You start to wonder if what you’re doing is good enough to land yourself a job. Even more troubling, you start to wonder if what you’re doing is good enough to get yourself into one of these organizations. What do you do?


Do what’s best for you.

First of all, breathe.

It can be easy to freak out in this situation and start questioning everything you’ve done in the past two or three years.

What you should know is that what this person is doing is great, but it might not be for you. At least for now, it is not your path.

The important thing is to realize that whatever you have done in the past is preparing you for your future. You have developed skills that maybe you haven’t honed in on yet.

So, rest in the fact that things are going to be ok. The world will not end because you haven’t participated in every campus organization.

Make a decision.

Then, decide on what you want to do to change your situation. Take some initiatives. They can be big steps; they can be small steps. But have a goal in mind.

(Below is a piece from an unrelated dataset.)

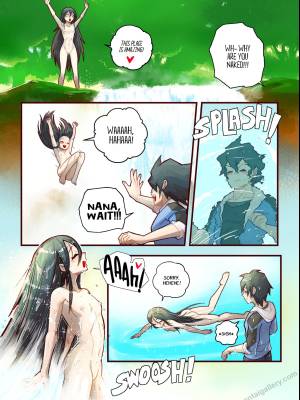 Our Paradise By Mr. E Porn Comics english 12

If you want to be more specific in your field, such as working in nonprofit PR, then join organizations and committees that will help you get there. If you want a more general route, do some research on what would most benefit you no matter which way you go. In all cases, the SOURCE and your adviser are some great ways to start your search. Most of all, get to know yourself. If you know that keeping yourself busy with certain organizations will help reach your goal, then go for some big steps. If you know that having too much pressure from too many responsibilities will harm you more than help you, then by all means, make sure you don’t overload yourself. At any rate, learn how to say “no.” Some things aren’t worth your sanity or time. Know what’s good for you. Go for it. It may feel overwhelming at first, but once you have a goal in mind and take steps to reach it, the search for organizations on campus will become light. Opportunities will pop up if you keep your eyes open. Joining campus organizations is a valuable part of your college career. You learn important lessons there that you wouldn’t learn in the classroom. But don’t let someone scare you into thinking that what you’re doing is not enough. The truth is, you are enough. You are awesome. Never let someone else make a decision for you. Embrace your awesomeness by knowing that your past is preparing you for your future. Take that first step into your future and join an organization that is best for you. It may seem overwhelming or scary, but do it anyway. That’s what awesome people like you are born to do.